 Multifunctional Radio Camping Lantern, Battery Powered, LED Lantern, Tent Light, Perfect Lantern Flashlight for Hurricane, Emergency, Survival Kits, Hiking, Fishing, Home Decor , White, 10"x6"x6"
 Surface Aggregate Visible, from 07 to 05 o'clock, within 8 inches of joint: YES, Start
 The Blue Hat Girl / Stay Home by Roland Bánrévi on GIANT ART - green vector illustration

-*-*-

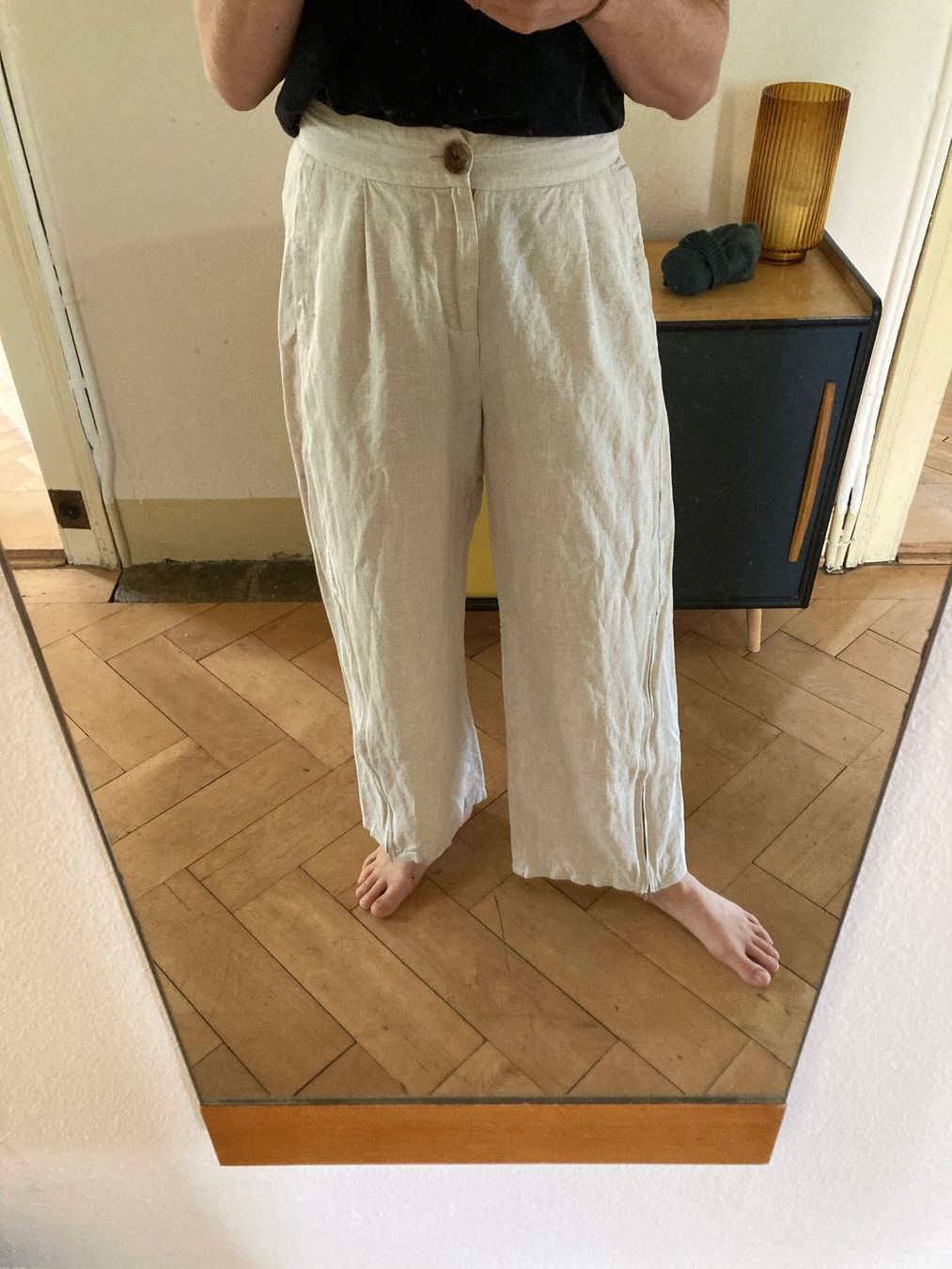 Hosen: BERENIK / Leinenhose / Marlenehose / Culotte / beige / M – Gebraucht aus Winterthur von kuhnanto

-*-*-

**WHAT IS EXPECTED:** For the material above, reproduce exactly the lines from the line with "Surface Aggregate Visible, from" to the line with "The Blue Hat", inclusive, and exclude all others.

**RESULT BELOW:**
 Surface Aggregate Visible, from 07 to 05 o'clock, within 8 inches of joint: YES, Start
 The Blue Hat Girl / Stay Home by Roland Bánrévi on GIANT ART - green vector illustration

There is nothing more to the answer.